═══ Material provided ═══
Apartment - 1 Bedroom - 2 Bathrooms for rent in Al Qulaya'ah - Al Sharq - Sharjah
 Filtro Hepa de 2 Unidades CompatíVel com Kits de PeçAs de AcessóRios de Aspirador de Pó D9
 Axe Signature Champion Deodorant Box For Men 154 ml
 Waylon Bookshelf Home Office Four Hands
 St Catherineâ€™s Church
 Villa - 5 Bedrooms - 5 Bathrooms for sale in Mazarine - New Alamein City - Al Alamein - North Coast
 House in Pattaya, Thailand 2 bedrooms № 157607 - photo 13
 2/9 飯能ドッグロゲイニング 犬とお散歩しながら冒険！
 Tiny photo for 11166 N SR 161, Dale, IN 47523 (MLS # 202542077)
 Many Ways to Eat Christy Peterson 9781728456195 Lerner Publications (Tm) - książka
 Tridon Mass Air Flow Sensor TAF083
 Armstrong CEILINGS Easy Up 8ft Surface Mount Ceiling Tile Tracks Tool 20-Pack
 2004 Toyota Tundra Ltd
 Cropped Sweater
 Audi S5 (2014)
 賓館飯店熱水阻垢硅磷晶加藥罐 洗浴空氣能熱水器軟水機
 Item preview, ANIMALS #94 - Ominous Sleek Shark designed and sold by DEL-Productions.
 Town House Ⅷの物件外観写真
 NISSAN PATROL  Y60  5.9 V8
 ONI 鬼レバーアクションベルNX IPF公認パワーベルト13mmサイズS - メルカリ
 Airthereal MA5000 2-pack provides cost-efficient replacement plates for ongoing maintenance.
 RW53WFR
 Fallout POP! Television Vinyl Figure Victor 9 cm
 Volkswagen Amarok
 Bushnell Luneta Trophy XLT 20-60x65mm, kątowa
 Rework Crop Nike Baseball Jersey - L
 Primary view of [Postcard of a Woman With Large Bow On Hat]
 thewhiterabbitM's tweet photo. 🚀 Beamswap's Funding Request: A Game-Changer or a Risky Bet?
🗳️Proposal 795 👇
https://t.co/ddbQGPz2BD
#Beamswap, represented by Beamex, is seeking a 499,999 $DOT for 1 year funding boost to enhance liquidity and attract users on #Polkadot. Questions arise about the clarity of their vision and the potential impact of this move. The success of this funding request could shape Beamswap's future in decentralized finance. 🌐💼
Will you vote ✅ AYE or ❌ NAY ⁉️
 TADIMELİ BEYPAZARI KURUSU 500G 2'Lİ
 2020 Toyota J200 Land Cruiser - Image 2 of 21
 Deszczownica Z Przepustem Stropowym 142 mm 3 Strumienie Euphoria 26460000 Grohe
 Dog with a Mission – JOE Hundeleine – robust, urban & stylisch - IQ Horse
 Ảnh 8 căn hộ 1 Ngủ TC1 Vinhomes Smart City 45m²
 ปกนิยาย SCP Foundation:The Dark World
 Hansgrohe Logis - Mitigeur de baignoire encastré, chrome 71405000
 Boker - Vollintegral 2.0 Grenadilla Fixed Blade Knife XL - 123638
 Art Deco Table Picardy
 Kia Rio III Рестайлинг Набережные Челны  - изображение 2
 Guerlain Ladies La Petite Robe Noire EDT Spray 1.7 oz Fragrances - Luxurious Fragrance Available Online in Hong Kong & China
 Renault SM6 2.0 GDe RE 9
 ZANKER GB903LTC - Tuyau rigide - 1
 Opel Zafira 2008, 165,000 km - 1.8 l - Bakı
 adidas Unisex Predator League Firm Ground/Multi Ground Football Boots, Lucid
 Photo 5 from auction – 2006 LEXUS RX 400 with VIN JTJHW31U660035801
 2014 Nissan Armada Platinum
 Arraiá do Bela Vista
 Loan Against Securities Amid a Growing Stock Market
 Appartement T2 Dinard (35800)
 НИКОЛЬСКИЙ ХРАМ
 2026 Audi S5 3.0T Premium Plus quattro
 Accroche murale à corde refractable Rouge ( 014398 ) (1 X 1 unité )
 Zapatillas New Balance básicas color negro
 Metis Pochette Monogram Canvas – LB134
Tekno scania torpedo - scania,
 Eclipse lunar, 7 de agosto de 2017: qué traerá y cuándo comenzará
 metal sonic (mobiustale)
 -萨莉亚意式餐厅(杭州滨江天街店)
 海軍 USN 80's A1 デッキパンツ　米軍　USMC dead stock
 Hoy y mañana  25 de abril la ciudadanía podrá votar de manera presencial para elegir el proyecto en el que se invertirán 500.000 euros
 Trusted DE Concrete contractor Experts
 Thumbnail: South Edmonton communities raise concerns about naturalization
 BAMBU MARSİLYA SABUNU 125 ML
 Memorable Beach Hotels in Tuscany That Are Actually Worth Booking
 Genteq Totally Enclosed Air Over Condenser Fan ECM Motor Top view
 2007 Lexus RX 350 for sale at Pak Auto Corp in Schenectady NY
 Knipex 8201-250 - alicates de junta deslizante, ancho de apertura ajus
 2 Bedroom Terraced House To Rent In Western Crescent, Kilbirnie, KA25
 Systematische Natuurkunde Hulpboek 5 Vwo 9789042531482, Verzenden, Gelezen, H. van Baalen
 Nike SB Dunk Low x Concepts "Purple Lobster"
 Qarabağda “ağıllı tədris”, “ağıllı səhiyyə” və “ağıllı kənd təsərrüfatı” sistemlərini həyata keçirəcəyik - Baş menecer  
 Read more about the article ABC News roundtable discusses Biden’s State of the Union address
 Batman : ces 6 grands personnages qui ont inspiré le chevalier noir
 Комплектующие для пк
═══
Task objective: There is a run of lines above from the one with "BAMBU MARSİLYA SABUNU 125 ML" to the one with "2 Bedroom Terraced"; print exactly that run, both ends included, and nothing else.

Response box:
 BAMBU MARSİLYA SABUNU 125 ML
 Memorable Beach Hotels in Tuscany That Are Actually Worth Booking
 Genteq Totally Enclosed Air Over Condenser Fan ECM Motor Top view
 2007 Lexus RX 350 for sale at Pak Auto Corp in Schenectady NY
 Knipex 8201-250 - alicates de junta deslizante, ancho de apertura ajus
 2 Bedroom Terraced House To Rent In Western Crescent, Kilbirnie, KA25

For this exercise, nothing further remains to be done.